Wolfgang Pauli postulated his hypothesis of the existence of the neutrino in his letter to a gathering on radioactivity in Tübingen in 1930. The letter begins by the words, "Dear radioactive ladies and gentlemen" [1, 2]. Sin'itiro Tomonaga [3] quotes this letter and says, "By the way, radioactive lady apparently refers to Lise Meitner."

Pauli used the plural form, "radioactive ladies." Therefore, referring to these words in the singular form is inconsistent. Meitner was surely the key person who had found the experimental result that had led to Pauli's hypothesis. Was not there, however, other ladies, for example, Marie Curie, at the gathering?
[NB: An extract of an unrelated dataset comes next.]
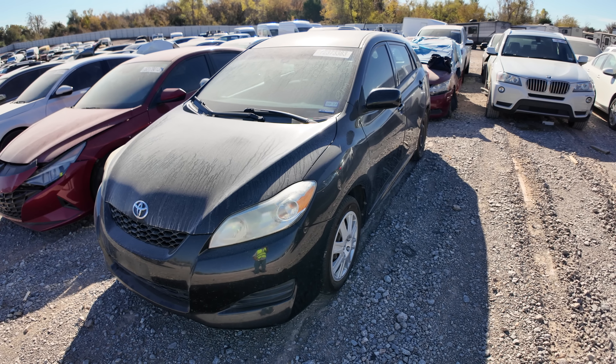What is going on ladies and gentlemen, welcome back to Auto Auction Rebuilds. We're back at Copart for another walk around. Let's jump into this video today and see what we find.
Even if he had had a firm proof that Meitner had been the single lady present, Tomonaga should have said, "By the way, radioactive ladies actually meant Lise Meitner."

By the way, I once started my presentation at an academic meeting by the words, "Good afternoon, a lady and gentlemen!" I wrote about that in "The Stolen Joke" [4]. Interestingly, the neutrino appears also in that story, though I have been forgetting about this fact.

  1. A. Pais, Inward Bound (Clarendon Press, Oxford, 1986) p. 315.
  2. K. Riesselmann, Logbook: Neutrino invention.
  3. S. Tomonaga, The Story of Spin, translated by T. Oka (Univ. Chicago Press, Chicago, 1997) p. 219.
  4. The Stolen Joke IDEA-ISAAC Web site (August 18, 1999).